Yield: Serves 2 to 4
- You’ll need a medium ovenproof dish. I use a round cast-iron pan that’s got a bit of depth to it. Grease the dish or pan with the butter and make sure you hit the sides so the pie doesn’t stick to the pan.
- Chuck the cheese, onion and mayonnaise into a large bowl. Add a glug of Worcestershire sauce, the oregano and a pinch of salt and pepper. Take your magic spoon wand and conjure up greatness (mix well).
- Cover the base of the pan with half of the bread cubes. You only want one layer, as there’s another to go. Next, cover the bread with a layer of sliced tomatoes (saving your bestlooking slices for later), slightly overlapping. Season with salt and pepper. Then throw on another layer of bread.
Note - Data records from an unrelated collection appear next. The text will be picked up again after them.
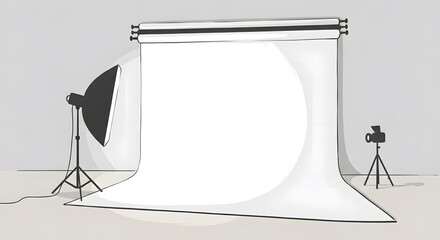 professional photo studio setup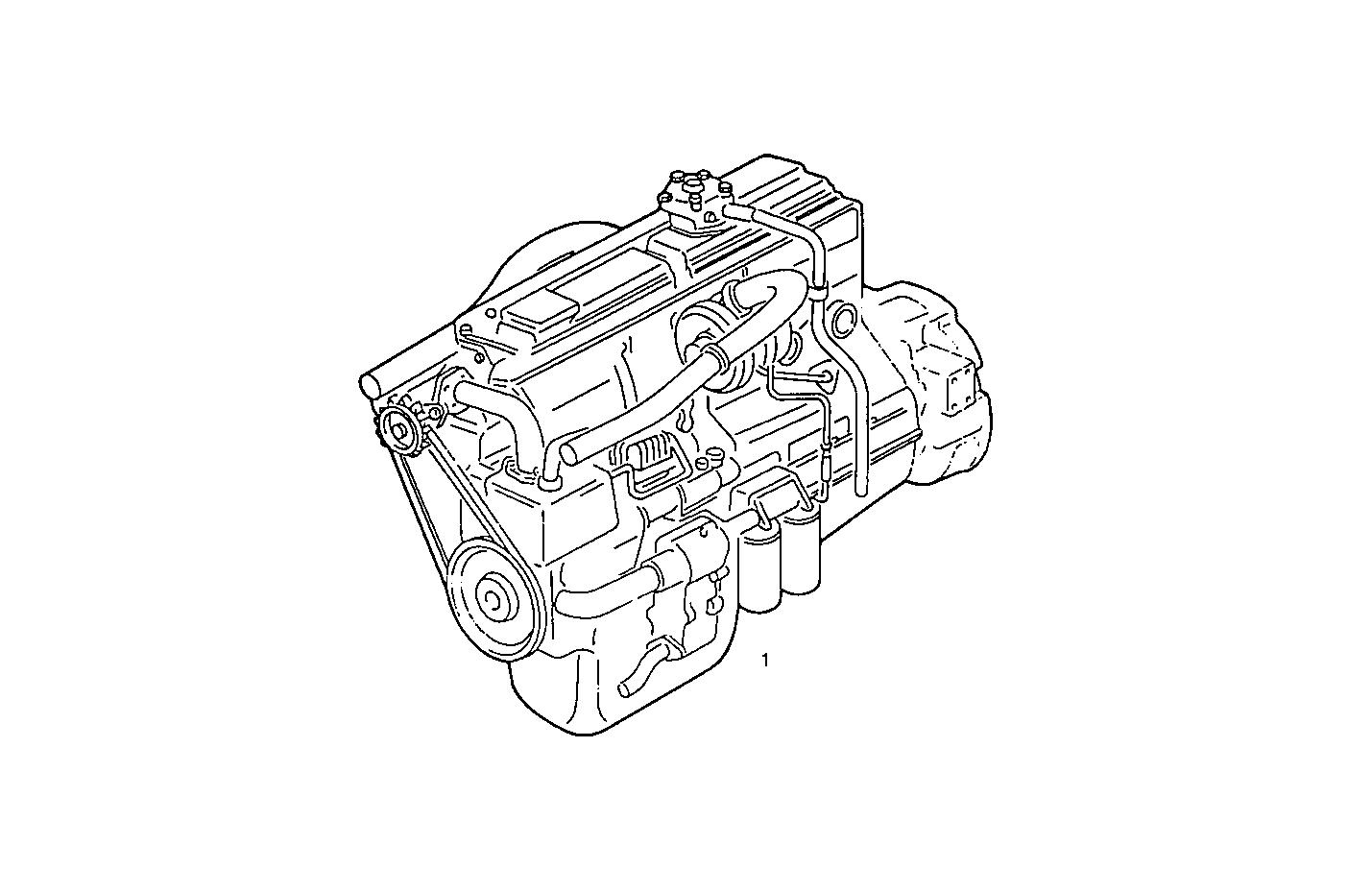 COMPLETE ENGINE parts diagram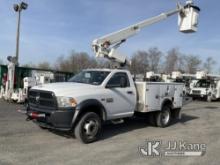 Altec AT200, Telescopic Non-Insulated Bucket Truck mounted behind cab on 2016 RAM 4500 Service Truck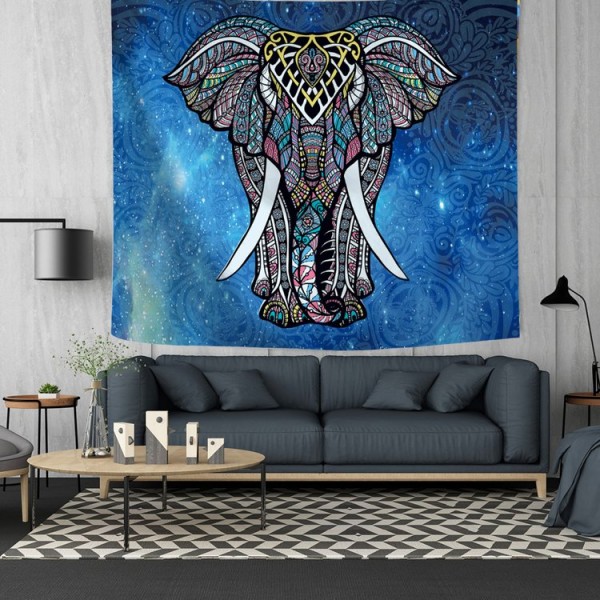 Elephant - 100*75cm - Printed Tapestry UK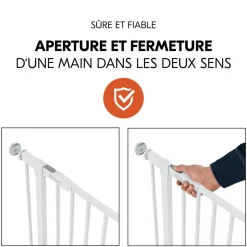 Barrière de sécurité Open N Stop 2 Blanc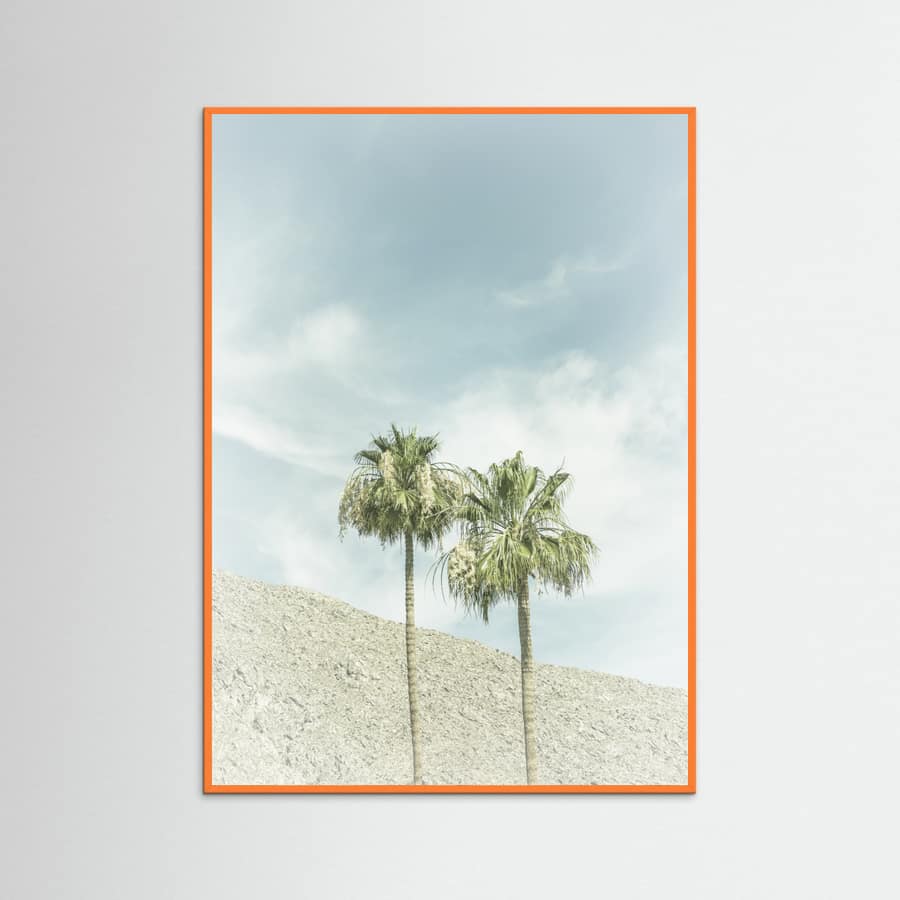 Vintage Palm Trees in the desert Poster – Poster und Kunstdruck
- It’s cheesy time! Using a spatula, cover the bread with half the cheese mix. Now use your school art skills to make a perfect layer of your best tomato slices overlapping gorgeously on top of the cheese mix. Then slather the rest of the cheese mix on top of the tomatoes. Finally, make it rain with spring onion and red chilli slices, and crack a bit more pepper on top.
- Make sure your cooker is at around 190°C (375°F). Place the pie over the heat canyon on the indirect heat. Place the lid on and cook for 25–30 minutes – the lid will help it turn golden on top.